29. MOLES, BETRAYALS AND POOR LEADERSHIP DOOM CHIANG (1945–49 AGE 51–55)
BY EARLY 1947, when the Nationalists had failed to crack Mao’s vast base on the borders with Russia, Chiang knew he was in trouble. Many in the country knew, too. He badly needed a victory to boost morale. He came up with the idea of taking Yenan, Mao’s capital. Its capture would have “the greatest significance,” he wrote in his diary on 1 March. On that day, he gave this vital task to a man who enjoyed his unconditional trust. General Hu Tsung-nan was the guardian of his younger (and adopted) son, Weigo, and had stood proxy for Chiang at Weigo’s wedding.
Our investigations have convinced us that General Hu was a Red “sleeper.” He started his career at the Nationalists’ Whampoa Military Academy in 1924, which Moscow founded, bankrolled and staffed, at a time when Sun Yat-sen was trying to use Russian sponsorship to conquer China. Chiang Kai-shek was the head of the Academy, and Chou En-lai the director of its pivotal Political Department. Many secret Communist agents were planted there, and went on to become officers in the Nationalist military.

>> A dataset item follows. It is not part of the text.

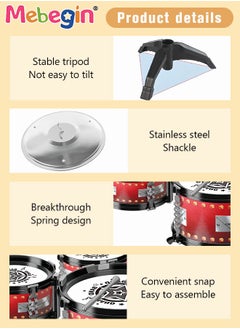 MEBEGIN Rock Jazz Drum Set for Kids, Musical Instrument Toy for Music Enlightenment, 5 Drums Band Rock Set, Ideal Gift Toy for Kids  - Image 5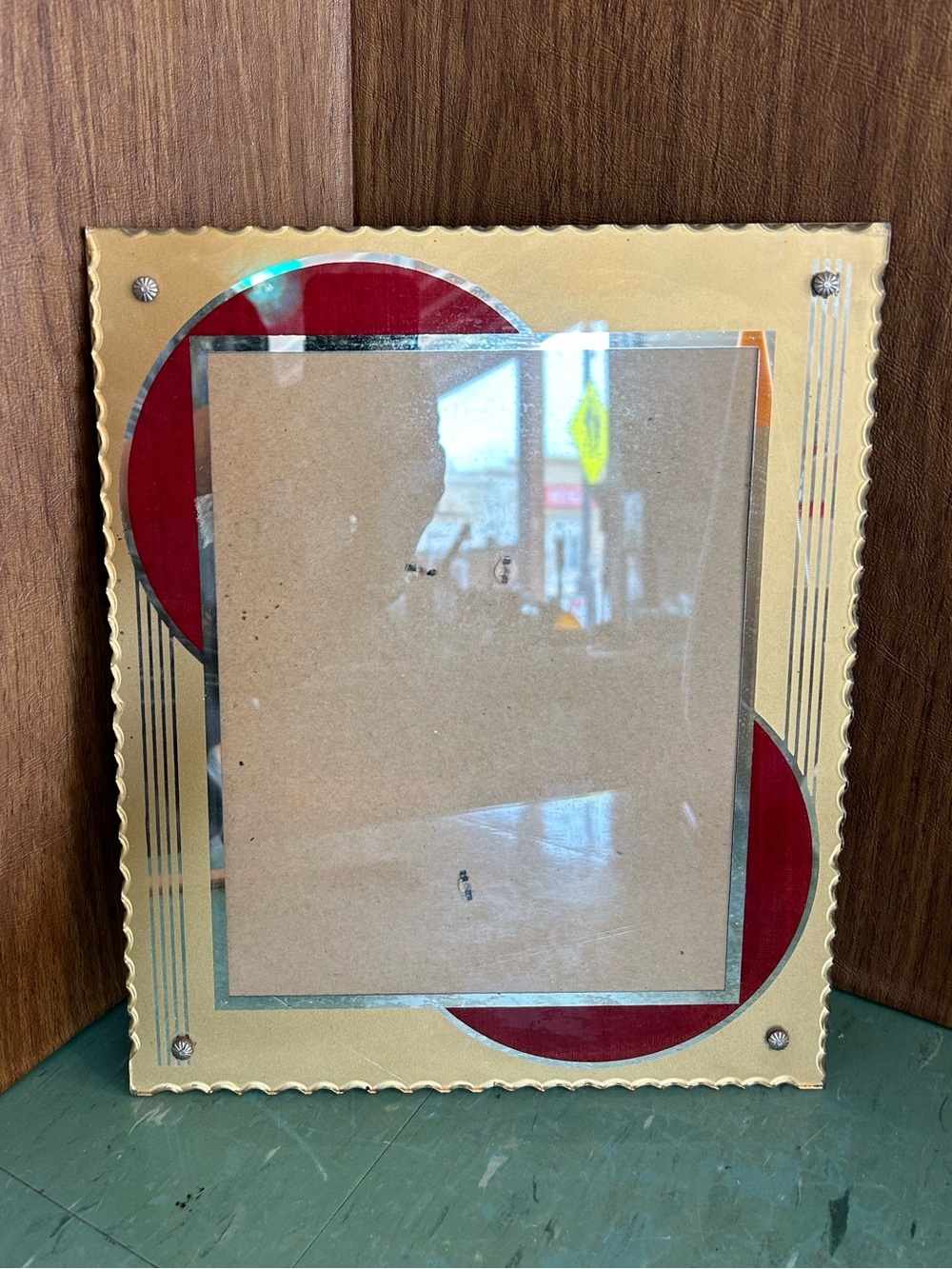 Vintage art deco picture frame glass maroon silver antique reverse painted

At Whampoa, Hu Tsung-nan was strongly suspected of being a secret Communist, but he had well-placed friends who vouched for him. He then struck up a friendship with Chiang’s intelligence chief, Tai Li, who match-made his marriage. The two became so close that Tai ordered his subordinates in Hu’s units to send copies of all their intelligence reports to Hu as well as to himself, the result of which was that none of them dared report any suspicions about Hu.
In 1947, Chiang assigned him to take Yenan. On the day he received the assignment, the message appeared on Mao’s desk. Mao ordered the city to be evacuated, and the local population was herded out into the hills by armed militia. The bulk of the Red administration went to the Red base east of the Yellow River.
On 18–19 March, Hu took Yenan, which the Nationalists trumpeted as a great victory. But all they acquired was a ghost town. On Mao’s orders, the evacuees and the locals had buried not only their food, but all their household goods, down to cooking utensils.
Mao himself had left only hours before, in an ostentatiously leisurely, even nonchalant manner, pausing awhile to gaze at the pagoda which was the symbol of Yenan, while his driver revved the engine of his American jeep (donated by the departing US mission) as a reminder that the Nationalists were nearby. Mao staged this performance to build confidence in people around him. A short time before, Mao’s top brass had been awe-struck when he sent most of the troops in Yenan away, keeping only 20,000 men with him for the whole of the region — less than one-tenth of the force Hu had at his disposal, which totaled some 250,000.
Mao set off north, riding with Chou En-lai, now his chief of staff, and Mme Mao. On the way, he and Chou chatted and laughed, as if, in the wor
ds of a bodyguard, “this was an outing.”
About 30 km northeast of Yenan, at a place called Qinghuabian, Mao asked the driver to slow down in a deep valley where the loess slopes had been scoured by rain and floods into deep canyons. His bodyguards were puzzled to see him pointing and nodding thoughtfully with Chou. It was only a week later that the explanation dawned on them, when Hu’s 31st Brigade HQ and 2,900 troops walked into an ambush at this exact spot on 25 March.
The brigade had been given the order to follow this road by Hu only the day before. But Mao’s men had started taking up positions days earlier — and Mao had committed his entire force of 20,000 to this one operation. Before the first shots were fired, the brigade spotted the ambushers, and radioed the information to Hu. General Hu told his force to press on, threatening court martial if they did not, and the 2,900 men were wiped out. Meanwhile, Hu had dispatched the bulk of his army in another direction, due west, making it impossible for it to come to the rescue of the trapped brigade.
Three weeks later, on 14 April, Mao scored another victory in exactly the same fashion at a place called Yangmahe, when one of Hu’s units marched straight into an ambush. Five thousand men were killed, wounded or captured. Just as before, Hu had moved his main force away, so the doomed brigade was cut off from it by impassable ravines.